A summer day, 1978; cicadas. At the Toho studio at Seijo I was talking with Nonchan, Teruyo Nogami. Her name has never been in the credits of any of his films, yet since the days of One Wonderful Sunday in 1947 she has been with him, always there, the perfect liaison, always making certain that what he wants, what he needs, he gets. Of anyone, Nonchan is the closest to him, I don’t think he could function without her.

I had just read the script for Ran (“rebellion, riot”), his adaptation of King Lear, and was most enthusiastic about it, thinking it one of the best Kurosawa had ever done. Yes, she agreed—but the money… She was holding a number of color sketches and spread them out on the table for me to see—big, colorful, splashy pictures. “This is what he is doing now”, she said. Now, she did not add, that he had no money to make a film with, now that he believed that the only film would be in these drawings. They were all for something to be called Kagemusha, a project I had not heard of.

Later, I watched him work on the Kagemusha portfolio. With his large, capable craftsman hands, he was painting one picture after another. The movements were swift and sure, he always knew just what he was going to do. The entire film was in his head, emerging through his fingers. Since he had no money to make the picture on film, he was making it on paper. What other director, I wondered, would do this, would care this much, and would be this immune to despair?

As I looked at him I was struck once again by the disparity between his face and his hands, his head and his body. A workman’s body, very strong, and the hands of a craftsman. But the head is that of an ascetic, even more like a priest’s now that the hair is thin; the nose is large, the lips thin. The face is closed, indicative of great spiritual strength, like the faces in Zen paintings.

* * *

March 23, 1980; a Chinese restaurant near Seijo, It is Kurosawa’s 70th birthday—his family, his children, grandchildren, Nonchan, the staff and a few friends. Various birthday presents. But the best of all is the fact that Toho, George Lucas, Francis Coppola, and the residuals from Star Wars have made Kagemusha a reality.

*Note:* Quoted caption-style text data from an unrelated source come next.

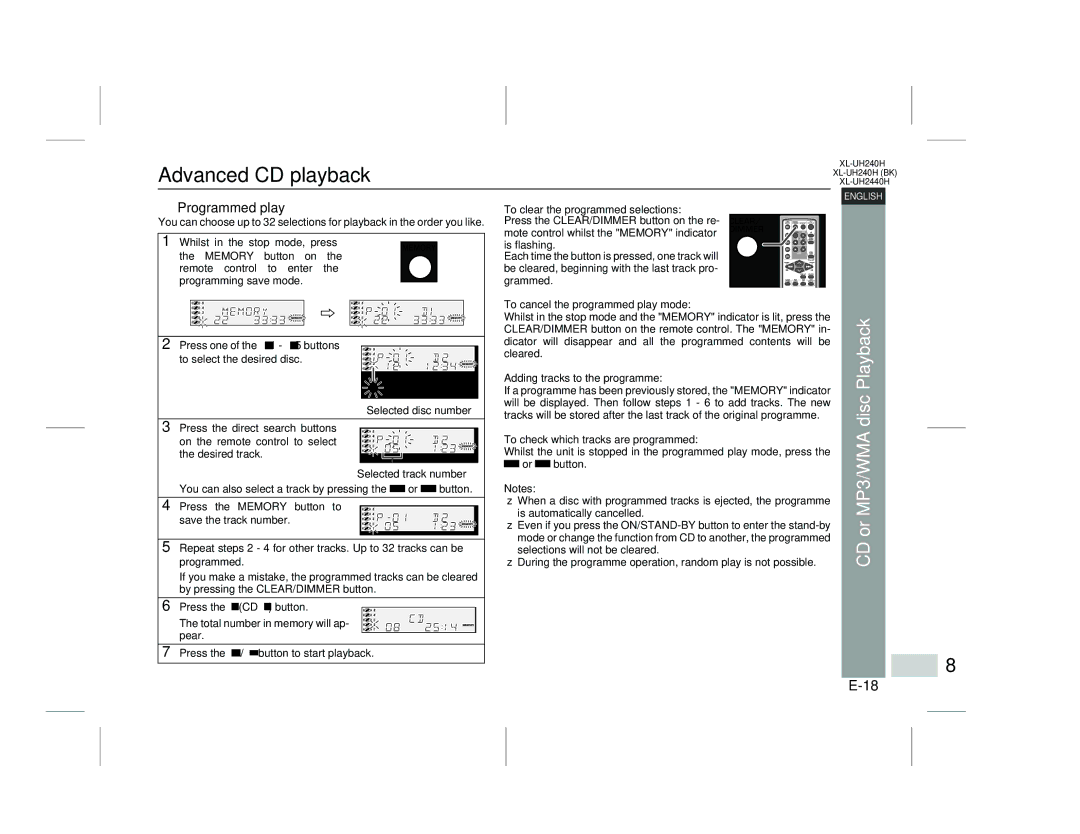 Sharp XL-UH240H (BK), XL-UH2440H operation manual Advanced CD playback, Programmed play, To cancel the programmed play mode 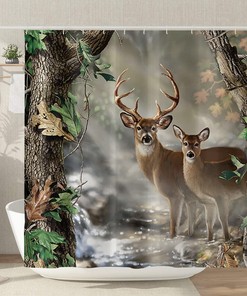 Wildlife Reindeer Brook Foggy Forest Deer Shower Curtain For Bathroom 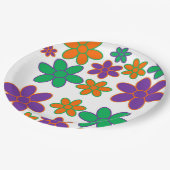 70sスタイル花オン紙パーティープレート ペーパープレート (アングル)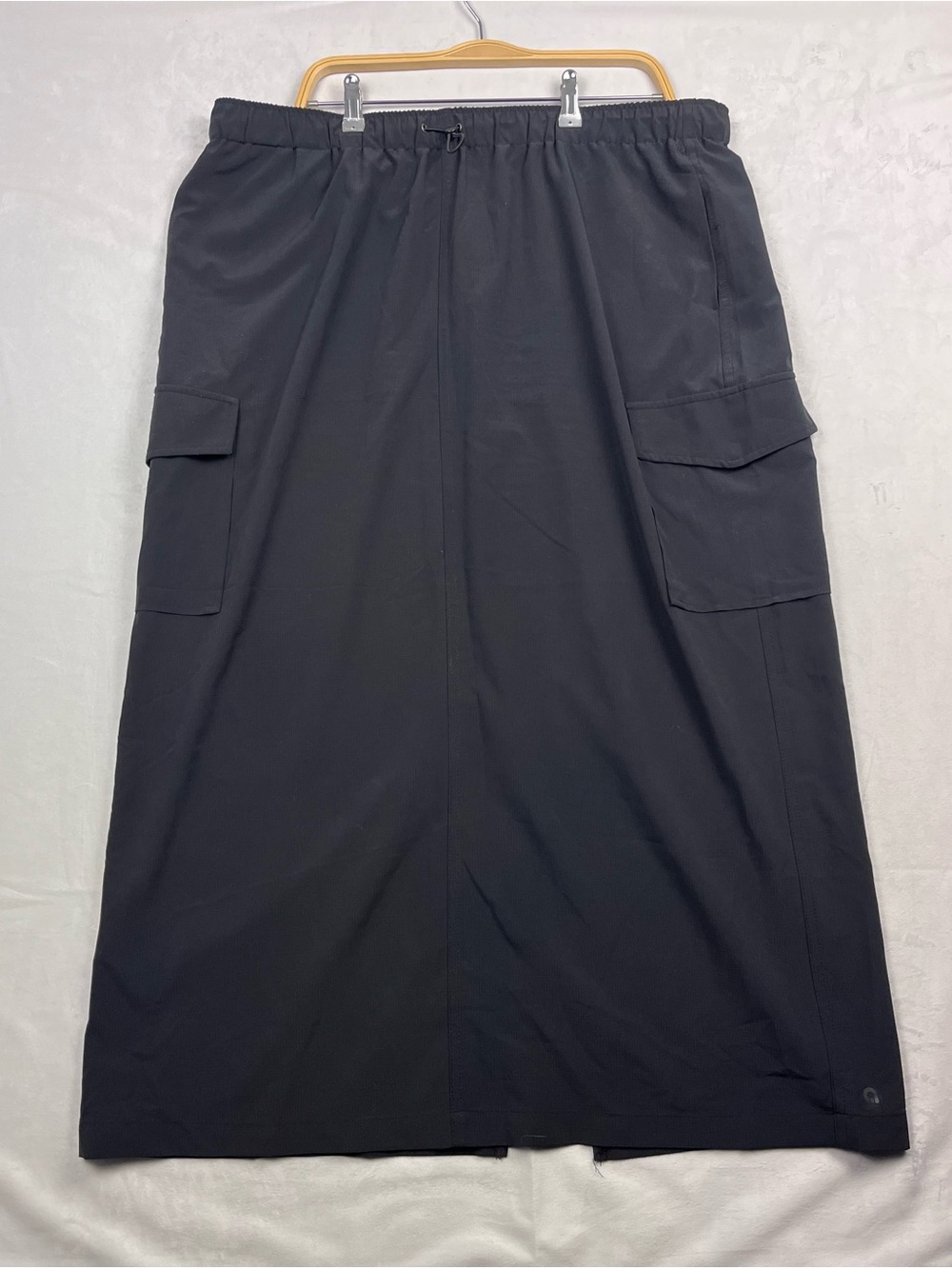 Hyba Black Cargo Long Skirt Utility Ripstop Elastic Waist Size XXL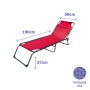 Chaise Longue Pliable Acier Avec Coussin Jardin et Piscine 190X58X27 cm Rouge 10000 Marbueno de Marbueno, Bains de soleil - R...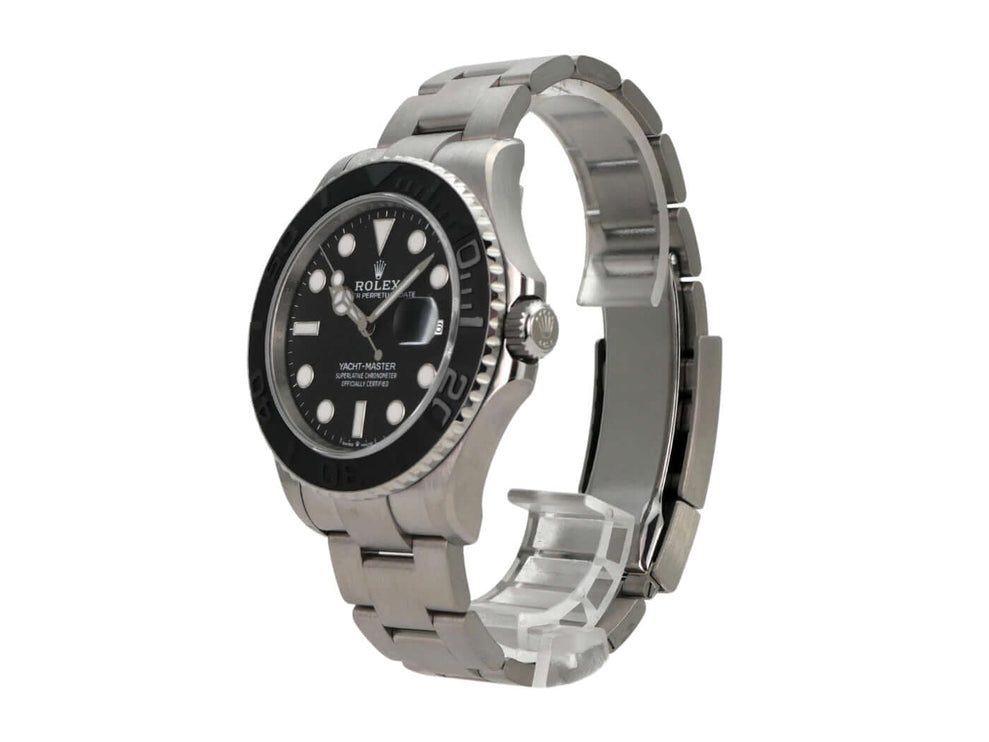 Rolex Yacht-Master 42 Titan 226627 mit schwarzem Zifferblatt und Oyster-Titanband aus satiniertem Titan.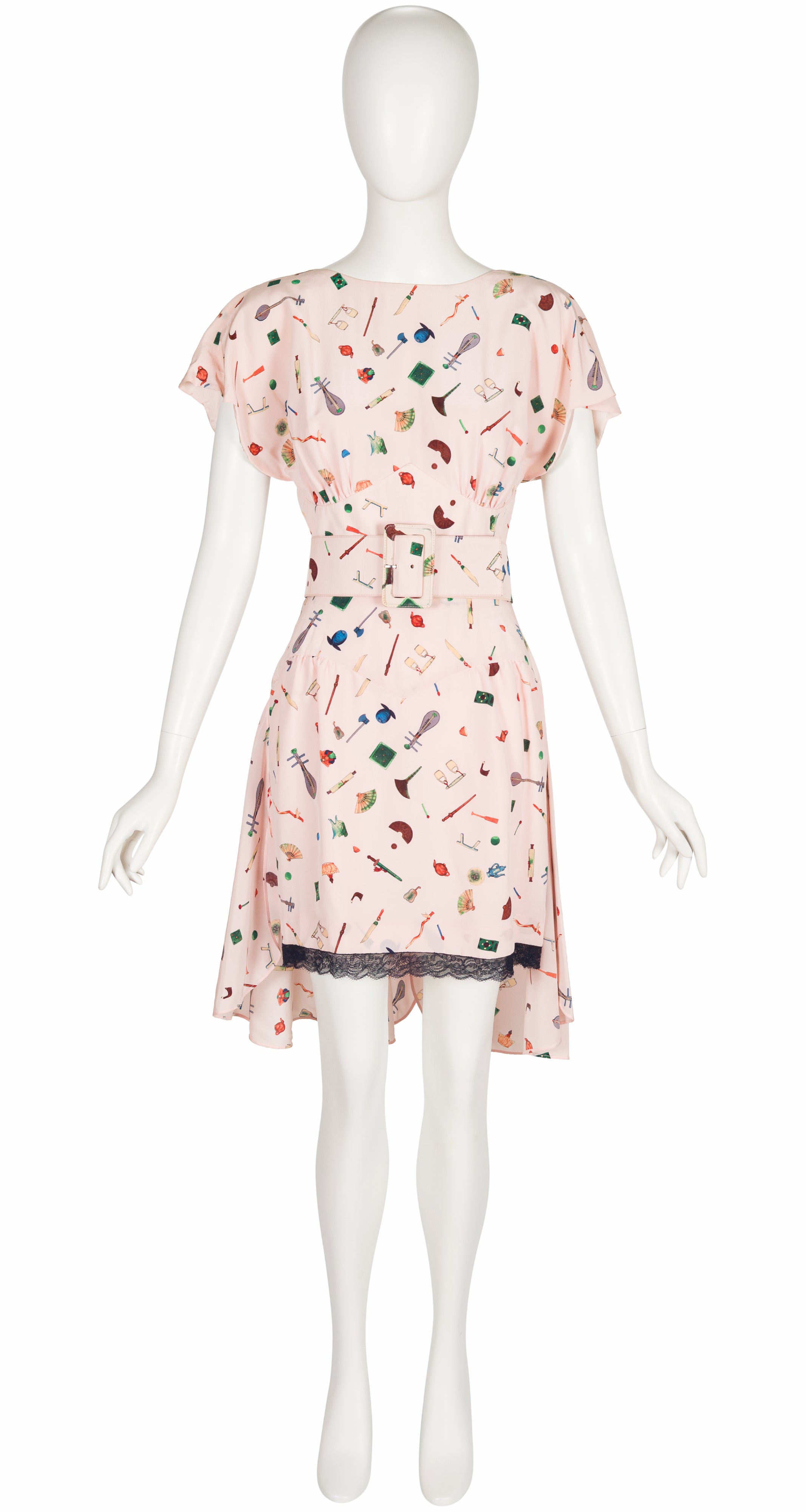 1988 S/S Novelty Print Pink Silk Mini Dress
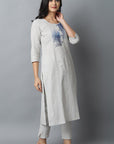 Blue Gray Modern Art Kurta Pants Set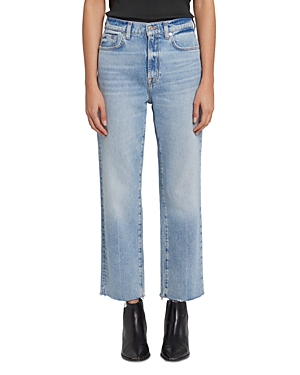 Shop 7 For All Mankind Logan High Rise Ankle Straight Stovepipe Fringe Hem Jeans In Ode To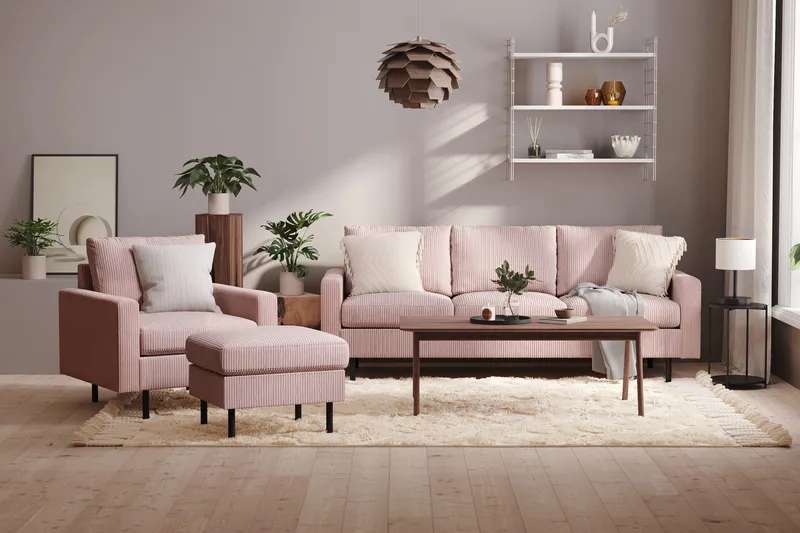 Peppe 3-seters Manchester Sofa - Rosa - Møbler - Sofaer - 3 seter sofa
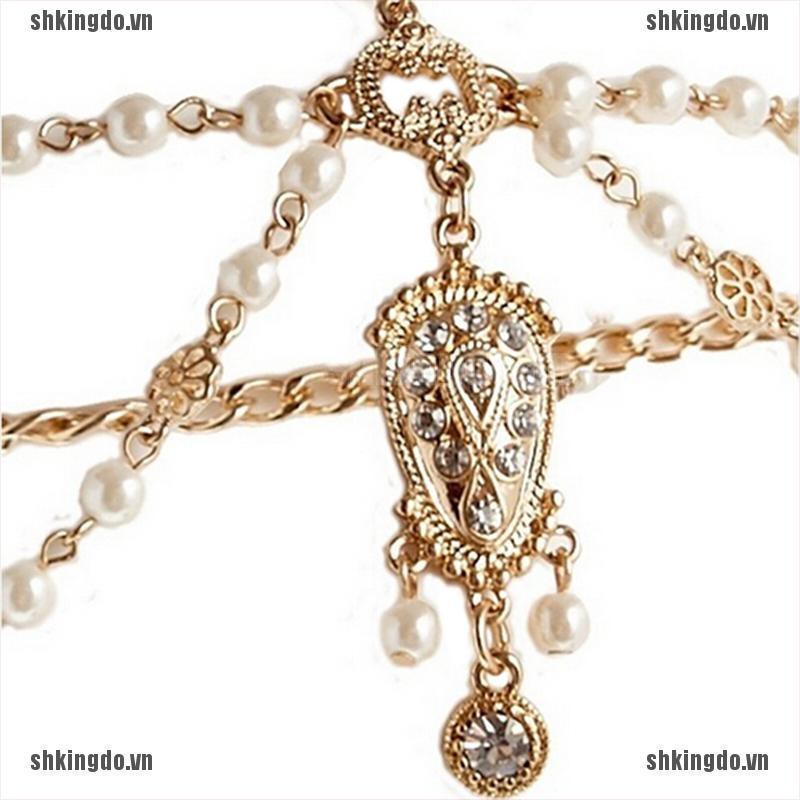 Chuỗi dây đeo đầu trang trí chuỗi hạt mặt đính đá cho cô dâu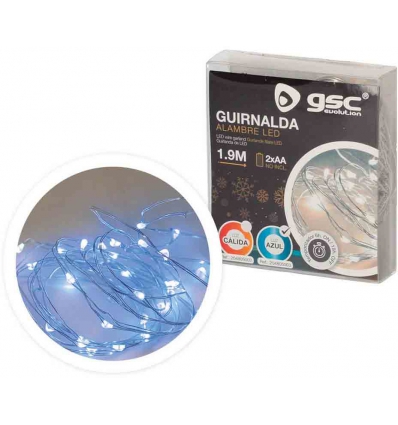 GUIRNALDA DE ALAMBRE DE 20 LUCES LED AZUL A PILAS CON 1,90M. DE GSC 204805003.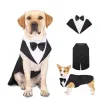 Lighters Casamento formal de casamento preto camisa de cauda para cães de cães médios Moda de moda para festa cosplay Golden Retriever Bulldog Samoyed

I thought back to the 38-year-old director on the set of Drunken Angel in 1948. The intervening years had not made all that much difference—he wears caps now instead of floppy hats. I thought of the will that had created his films. Those big, strong hands were now delicately opening birthday presents, the fingers precise but very firm with unwilling knots, Kurosawa turned, smiled, and his great strong hand carefully smoothed the hair of a favorite grandson.

I thought too of that long gone ball point pen, worked until it forgot it was broken, until it began to write again.